The gcd of 4 and 8 is 4, so $$\frac{4}{8} = \frac{4×1}{4×2} = \frac{4}{4}×\frac{1}{2} = \frac{1}{2}:$$

dangerousjesse · Answer

What's your answer?

heyitslizzy13 · Answer

I don't understand why it's 2^2 x^2 instead of just 2x^2 :/

dangerousjesse · Answer

Because you're multiplying all of your exponents by two to keep your numerator from getting jumbled up when you simplify.

heyitslizzy13 · Answer

I'm still kind of confused, so there's no way to use 2x^2?

dangerousjesse · Answer

You're using 2^2 x^2 to simplify 2x^2 because it makes x dividable by 2 when you simplify 8/4. You can skip that step if you'd like and just make it 2*2/8, but that wouldn't work on every other problem you did.

heyitslizzy13 · Answer

ok i'll use what you showed me and both the x^2 cancel out right?
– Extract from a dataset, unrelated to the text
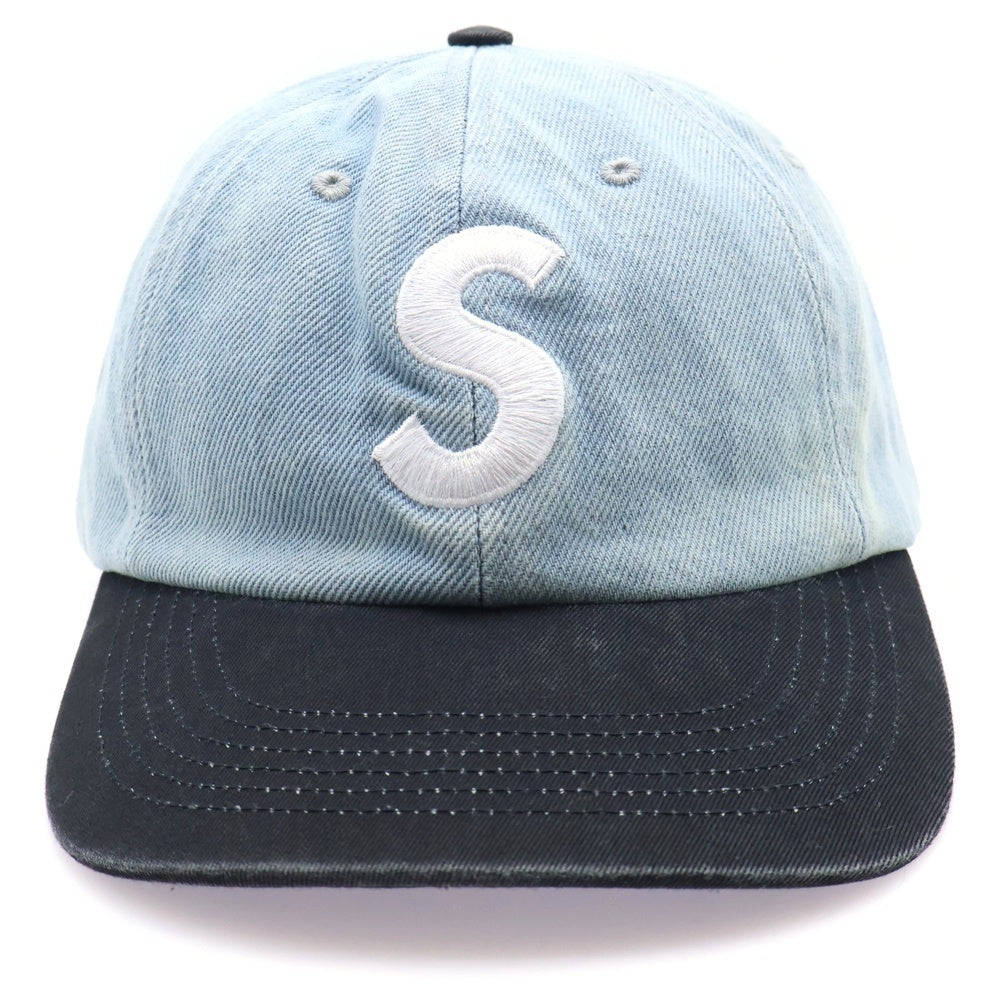 SUPREME(シュプリーム) 25AW Pigment Coated S Logo Cap ピグメント加工 2トーン Sロゴベースボールキャップ 帽子 インディゴ/ブラック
I just got 1/2 ..

dangerousjesse · Answer

Mhm, that's correct.

heyitslizzy13 · Answer

thanks, but applying the exponent to both the variable and whole number doesn't work on every problem right?

dangerousjesse · Answer

There's not much to do in number five, just solve:$$-3^{-4}=x $$$$\frac{1}{x}$$

dangerousjesse · Answer

Right.

heyitslizzy13 · Answer

I'm a little confused as to where the x came from?

dangerousjesse · Answer

The x is to transfer $$-3^{-4}$$to the simplified fraction. I put that in there. The answer would just be $$\frac{1}{-3^{-4}}$$

heyitslizzy13 · Answer

so you just did the reciprocal since they're negative?

heyitslizzy13 · Answer

that's all you do?

dangerousjesse · Answer

Yep, the simplified version would be $$\frac{1}{81}$$

heyitslizzy13 · Answer

so the answer is 1/81? since you did the reciprocal do both the whole number and exponent become positive or just the exponent ?

dangerousjesse · Answer

When you raised -3 by -4 you automatically got 81 because $$-x^{-y}=z$$$$x^{y}-z$$and$$-x^{y}=-z$$$$x^{-y}=-z$$

dangerousjesse · Answer

I meant "=" not "-" on that second one.

heyitslizzy13 · Answer

ahh ok :)

heyitslizzy13 · Answer

is #16 1y^-4 ?